Friday, December 29, 2006

Goal 4, 566...

To create something like this by Ljudbilden

If you know what software they use...let me know! I'm still researching it.

Sunday, December 24, 2006

Sleeping Soundly.

I’ve been taking improv classes in the evening at The Groundlings twice a week. The drive has been daunting, but two days ago I had an extraordinary experience. George Clooney let me stay over at one of his apartments in Hollywood. I met his assistant, a tall and striking Asian woman in her late 20’s at the apartment complex. She helped me with my luggage and opened the door to a modest one bedroom apartment. It looked a little haphazard, but she explained that the cleaning lady had not been there to clean since the last guest, Eva Hesse. Holy Crap I thought, Eva Hesse, wow! As she gave me the tour, she pointed out an orange and yellow patterned comforter that was shoved under a bench and said “Don’t use is dirty...from the time with Molly.” She opened the closet with some of George’s clothes shoved off to the side. I noticed a couple of brown v-neck sweaters and something particularly peculiar. There were about 20 pairs of men’s white underwear hanging on pant hangers. She pushed them aside and said I could hang my clothes there. I couldn’t wait for her to leave so I could call my friend Alicia! She handed me the keys and her card with the added note to call if I needed anything.

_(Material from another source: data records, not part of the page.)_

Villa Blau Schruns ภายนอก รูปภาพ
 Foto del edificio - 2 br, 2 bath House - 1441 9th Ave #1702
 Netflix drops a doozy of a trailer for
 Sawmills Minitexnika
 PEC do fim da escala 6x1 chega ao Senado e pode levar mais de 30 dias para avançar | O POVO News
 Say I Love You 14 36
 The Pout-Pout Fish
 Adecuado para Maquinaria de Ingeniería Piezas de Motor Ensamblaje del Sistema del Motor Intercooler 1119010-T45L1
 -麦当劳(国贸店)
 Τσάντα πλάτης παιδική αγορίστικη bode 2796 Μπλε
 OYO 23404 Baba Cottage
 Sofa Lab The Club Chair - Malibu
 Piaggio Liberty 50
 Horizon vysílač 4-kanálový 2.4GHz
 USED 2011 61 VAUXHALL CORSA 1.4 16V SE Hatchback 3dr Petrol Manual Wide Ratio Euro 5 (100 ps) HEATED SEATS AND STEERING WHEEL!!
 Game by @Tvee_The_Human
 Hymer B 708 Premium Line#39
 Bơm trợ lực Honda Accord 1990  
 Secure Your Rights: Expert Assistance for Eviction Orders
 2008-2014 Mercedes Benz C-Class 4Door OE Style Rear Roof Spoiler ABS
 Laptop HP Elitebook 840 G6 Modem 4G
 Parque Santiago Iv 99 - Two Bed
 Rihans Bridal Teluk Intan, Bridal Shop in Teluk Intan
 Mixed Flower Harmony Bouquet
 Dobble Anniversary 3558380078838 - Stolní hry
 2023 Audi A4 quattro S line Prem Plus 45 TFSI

All I can say is afternoon nap dreams are vividly specific!

Saturday, December 09, 2006

Melissa Borders-Stevenson

I’m standing on the edge of a retreating lake, a wide open mouth with blackened, jagged stumps as teeth. I’ve walked into a crowd of people who know and love each other. I’m seeing the hippy youth behind the character lines of hugging, crying and laughing people. I see Tim, the only one I know...I walk up to him, hug him and re-introduce myself. It has probably been two years since I’ve seen him and only briefly at that. He’s wearing a leopard print beret and a mimosa stain on his shirt. I hug him, look in his eyes and weakly say, “I had to come.” He tells me to grab a red nose out of the box on the beach.
I do, and self-consciously put it on my nose. Draped over two tall mannequins made of PVC pipe are the costumes of Sojourner Truth and Amelia Earhart. These two famous women in history were brought back to life by another famous woman in history, Melissa Borders-Stevenson. I was standing on the beach of her memorial. Her life was brought to an end on October 15, 2006 in a car accident.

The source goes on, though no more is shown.